Africo e Casalnuovo: memoria storica a rischio

Di Bruno Palamara

Si è riempita un’intera biblioteca con articoli e libri su Africo e Casalnuovo, ma non si è mai approfondito esaurientemente sulla moltitudine di persone o figure positive che hanno fatto la storia dei due paesi, come se si avessero delle remore a scoperchiare il loro passato. Conoscere i personaggi che ci hanno preceduto non deve essere inteso come appagante o morbosa curiosità fine a sé stessa ma, piuttosto, deve essere recepito come stimolo, affinché, ogni singolo individuo, temprato dal loro encomiabile esempio, agisca e concorra al bene supremo della propria comunità. Ognuno di questi personaggi incarna e ci racconta un pezzo di società, un modo di pensare, la dura fatica del vivere quotidiano, una specifica fase della nostra storia paesana, tutta memoria storica che non può e non deve essere perduta o trascurata, perché un popolo senza di essa è come un albero senza radici.

La nostra è una civiltà che scompare e su di essa non c’è da piangere ma bisogna trarre, chi ci è nato, il maggior numero di memorie.

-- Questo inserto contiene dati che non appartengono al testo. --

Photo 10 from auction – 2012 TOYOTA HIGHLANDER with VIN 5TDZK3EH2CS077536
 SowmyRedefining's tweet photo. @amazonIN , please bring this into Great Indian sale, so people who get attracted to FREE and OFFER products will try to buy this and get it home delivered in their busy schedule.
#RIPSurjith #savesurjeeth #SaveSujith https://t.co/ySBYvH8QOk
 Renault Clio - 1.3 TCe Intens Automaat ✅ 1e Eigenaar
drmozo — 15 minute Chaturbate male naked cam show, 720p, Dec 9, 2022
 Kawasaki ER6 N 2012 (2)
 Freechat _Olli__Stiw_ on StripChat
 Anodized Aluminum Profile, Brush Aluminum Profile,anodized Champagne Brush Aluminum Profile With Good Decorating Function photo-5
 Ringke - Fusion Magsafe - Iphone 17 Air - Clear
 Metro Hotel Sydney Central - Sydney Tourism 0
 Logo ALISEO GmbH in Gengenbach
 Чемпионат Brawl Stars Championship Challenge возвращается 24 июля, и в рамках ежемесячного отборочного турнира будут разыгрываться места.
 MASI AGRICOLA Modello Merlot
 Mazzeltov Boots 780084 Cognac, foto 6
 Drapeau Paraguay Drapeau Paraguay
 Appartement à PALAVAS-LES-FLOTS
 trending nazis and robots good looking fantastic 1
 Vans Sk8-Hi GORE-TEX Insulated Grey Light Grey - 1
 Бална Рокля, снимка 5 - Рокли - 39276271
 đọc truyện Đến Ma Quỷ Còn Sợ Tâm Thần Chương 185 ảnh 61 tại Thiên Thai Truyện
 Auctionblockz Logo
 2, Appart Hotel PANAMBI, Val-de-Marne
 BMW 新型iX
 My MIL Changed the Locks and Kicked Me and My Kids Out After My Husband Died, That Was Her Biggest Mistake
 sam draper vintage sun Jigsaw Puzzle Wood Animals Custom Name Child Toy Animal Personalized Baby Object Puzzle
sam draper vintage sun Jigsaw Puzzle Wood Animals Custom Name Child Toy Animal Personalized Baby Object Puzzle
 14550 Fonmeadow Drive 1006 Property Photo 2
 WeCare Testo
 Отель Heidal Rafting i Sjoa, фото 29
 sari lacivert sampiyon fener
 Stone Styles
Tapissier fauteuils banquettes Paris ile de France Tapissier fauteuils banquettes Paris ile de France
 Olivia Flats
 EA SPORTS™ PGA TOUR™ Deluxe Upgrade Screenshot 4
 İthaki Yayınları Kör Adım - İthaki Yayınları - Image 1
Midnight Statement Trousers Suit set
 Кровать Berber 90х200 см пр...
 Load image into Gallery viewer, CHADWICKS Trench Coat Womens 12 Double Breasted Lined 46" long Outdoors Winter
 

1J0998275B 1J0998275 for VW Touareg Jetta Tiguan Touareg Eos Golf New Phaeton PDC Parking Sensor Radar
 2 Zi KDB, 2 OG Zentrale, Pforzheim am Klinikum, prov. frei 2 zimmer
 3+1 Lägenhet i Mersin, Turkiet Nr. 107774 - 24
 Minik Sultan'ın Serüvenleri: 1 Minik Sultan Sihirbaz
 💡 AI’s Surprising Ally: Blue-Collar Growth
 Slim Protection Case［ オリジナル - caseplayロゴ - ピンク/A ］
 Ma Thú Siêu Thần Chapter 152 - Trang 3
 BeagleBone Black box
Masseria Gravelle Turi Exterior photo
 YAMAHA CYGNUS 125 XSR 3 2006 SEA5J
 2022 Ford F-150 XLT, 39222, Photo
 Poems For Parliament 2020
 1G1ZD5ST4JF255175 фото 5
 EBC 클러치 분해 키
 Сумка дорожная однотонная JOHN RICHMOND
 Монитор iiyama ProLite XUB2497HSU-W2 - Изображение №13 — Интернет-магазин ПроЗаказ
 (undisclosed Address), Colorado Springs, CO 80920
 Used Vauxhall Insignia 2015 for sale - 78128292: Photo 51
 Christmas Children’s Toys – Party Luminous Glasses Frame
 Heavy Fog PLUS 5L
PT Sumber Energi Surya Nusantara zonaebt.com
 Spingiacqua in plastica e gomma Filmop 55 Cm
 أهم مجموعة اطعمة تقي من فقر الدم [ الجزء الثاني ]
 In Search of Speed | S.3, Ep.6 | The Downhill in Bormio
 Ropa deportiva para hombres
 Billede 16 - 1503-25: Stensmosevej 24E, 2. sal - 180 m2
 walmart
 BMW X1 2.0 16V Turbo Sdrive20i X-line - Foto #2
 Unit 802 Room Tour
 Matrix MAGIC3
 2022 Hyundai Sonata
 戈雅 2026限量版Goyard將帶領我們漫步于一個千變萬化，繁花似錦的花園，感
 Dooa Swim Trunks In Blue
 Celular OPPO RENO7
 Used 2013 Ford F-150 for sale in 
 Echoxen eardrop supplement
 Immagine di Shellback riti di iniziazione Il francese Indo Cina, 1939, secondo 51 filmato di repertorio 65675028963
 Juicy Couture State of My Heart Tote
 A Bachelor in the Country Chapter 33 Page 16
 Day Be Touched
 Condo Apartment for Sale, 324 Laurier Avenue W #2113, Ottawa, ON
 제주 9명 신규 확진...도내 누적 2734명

Questa meritoria esortazione di Corrado Alvaro, contenuta in Gente in Aspromonte, noi, per Africo, l’abbiamo integralmente fatta nostra, cercando, nel corso della nostra maturità, con pubblicazioni e articoli di giornale di analizzare, quasi vivisezionandola, la memoria storica del nostro paese, con il primario scopo di conservare e trasmettere alle generazioni prossime quel ricco e prezioso patrimonio storico e culturale lasciatoci in eredità dai nostri avi.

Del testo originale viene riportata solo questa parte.